Finally, whilst pylops.TorchOperator is designed such that when a PyLops linear operator is inserted into a Torch graph, the backward pass will automatically call the adjoint of the operator, it is also possible to explicitly call the forward and adjoint of the operator in the forward pass of an AD chain. This can be useful in some scenarios, for example in the implementation of so-called unrolled networks.
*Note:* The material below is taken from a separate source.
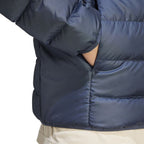 adidas Essentials Light Down IK3218 M jacket Clothing/Lifestyle Adidas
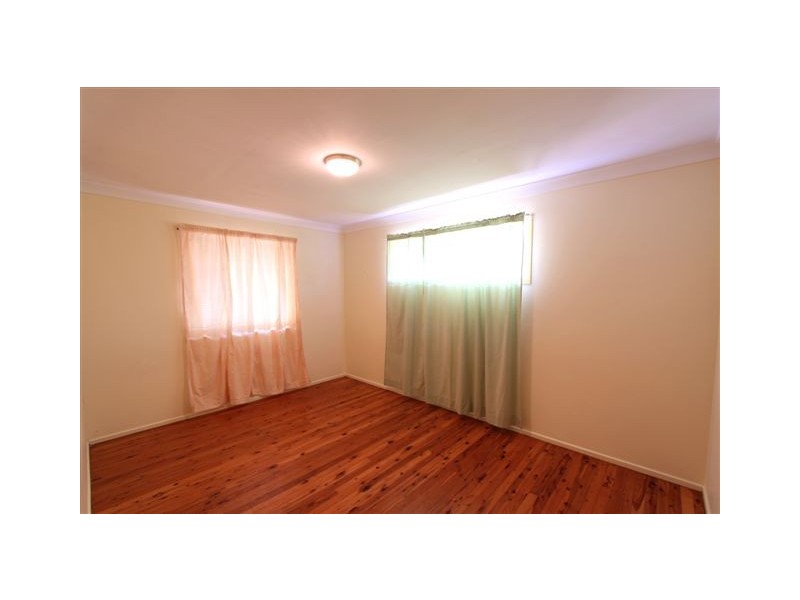 7 Lucas Street, Kepnock QLD 4670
In this case, we can simply use the forward and adjoint methods of the pylops.TorchOperator class; Torch’s AD will instead call the two methods swapped, namely adjoint and forward.

Let’s consider the following example:

\[\mathbf{y}=\textbf{A}^H (\textbf{A} \mathbf{x} - \mathbf{d})\]

whose Jacobian is given by:

\[\mathbf{J}=-\textbf{A}^H \textbf{A}\]

Let’s once again verify that the result of the product between the transposed Jacobian and a vector \(\mathbf{v}\) matches with the analytical one.

nx, ny = 10, 6
xt0 = torch.arange(nx, dtype=torch.double, requires_grad=True)
x0 = xt0.detach().numpy()
yt0 = -2 * torch.arange(ny, dtype=torch.double)
y0 = xt0.detach().numpy()

# Forward
A = np.random.normal(0.0, 1.0, (ny, nx))
At = torch.from_numpy(A)
Atop = pylops.TorchOperator(pylops.MatrixMult(A))
yt = Atop.adjoint(yt0 - Atop.forward(xt0))

# AD
v = torch.ones(nx, dtype=torch.double)
yt.backward(v, retain_graph=True)
adgrad = xt0.grad

# Analytical
JT = -At.T @ At
anagrad = torch.matmul(JT, v)

print("Input: ", x0)
print("AD gradient: ", adgrad)
print("Analytical gradient: ", anagrad)

Input:  [0. 1. 2. 3. 4. 5. 6. 7. 8. 9.]
AD gradient:  tensor([  2.8008,  -3.1352,  -1.4598,  -2.2931,  -1.8298, -10.9228,   3.4434,
         -0.7068,   2.7914,  -4.7657], dtype=torch.float64)
Analytical gradient:  tensor([  2.8008,  -3.1352,  -1.4598,  -2.2931,  -1.8298, -10.9228,   3.4434,
         -0.7068,   2.7914,  -4.7657], dtype=torch.float64)